**TASK INPUT**.
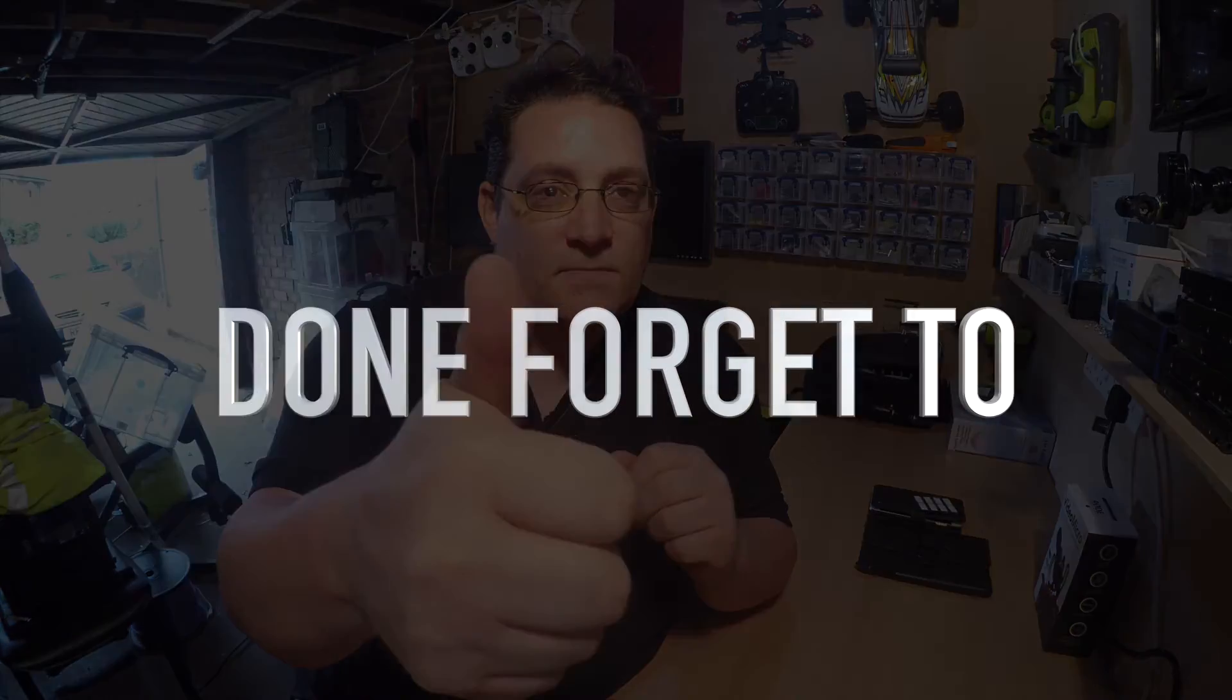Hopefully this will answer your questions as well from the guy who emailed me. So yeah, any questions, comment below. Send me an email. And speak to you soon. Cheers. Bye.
--
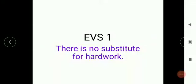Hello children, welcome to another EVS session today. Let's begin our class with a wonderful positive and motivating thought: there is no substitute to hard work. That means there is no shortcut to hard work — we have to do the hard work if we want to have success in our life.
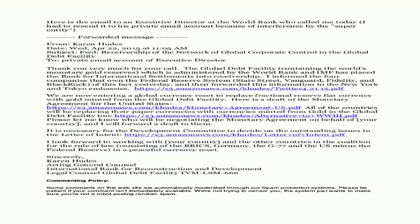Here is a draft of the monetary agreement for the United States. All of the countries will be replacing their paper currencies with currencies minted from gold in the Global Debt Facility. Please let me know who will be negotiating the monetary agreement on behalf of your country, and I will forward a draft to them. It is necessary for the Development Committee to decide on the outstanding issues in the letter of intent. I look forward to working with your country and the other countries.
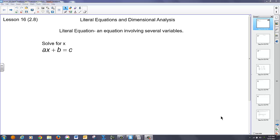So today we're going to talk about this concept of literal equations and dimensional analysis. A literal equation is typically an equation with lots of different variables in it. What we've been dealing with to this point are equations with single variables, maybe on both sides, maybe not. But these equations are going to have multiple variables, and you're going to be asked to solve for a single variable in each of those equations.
--
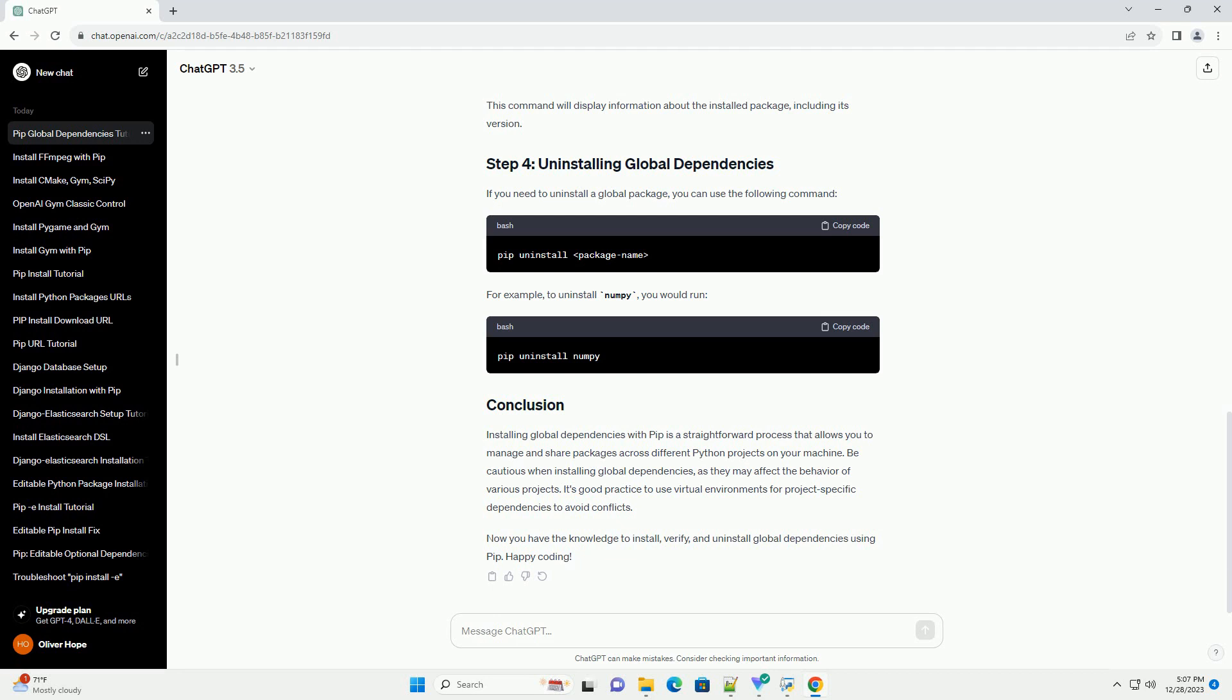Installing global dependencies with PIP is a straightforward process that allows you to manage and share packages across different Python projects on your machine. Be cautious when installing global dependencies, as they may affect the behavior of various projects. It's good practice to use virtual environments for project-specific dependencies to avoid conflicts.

**BRIEF**. Output exactly the lines above, beginning at the one with "Hello children, welcome" and stopping after the one with "Here is a draft". Pictures are to be omitted.

**WRITTEN ANSWER**.
Hello children, welcome to another EVS session today. Let's begin our class with a wonderful positive and motivating thought: there is no substitute to hard work. That means there is no shortcut to hard work — we have to do the hard work if we want to have success in our life.
Here is a draft of the monetary agreement for the United States. All of the countries will be replacing their paper currencies with currencies minted from gold in the Global Debt Facility. Please let me know who will be negotiating the monetary agreement on behalf of your country, and I will forward a draft to them. It is necessary for the Development Committee to decide on the outstanding issues in the letter of intent. I look forward to working with your country and the other countries.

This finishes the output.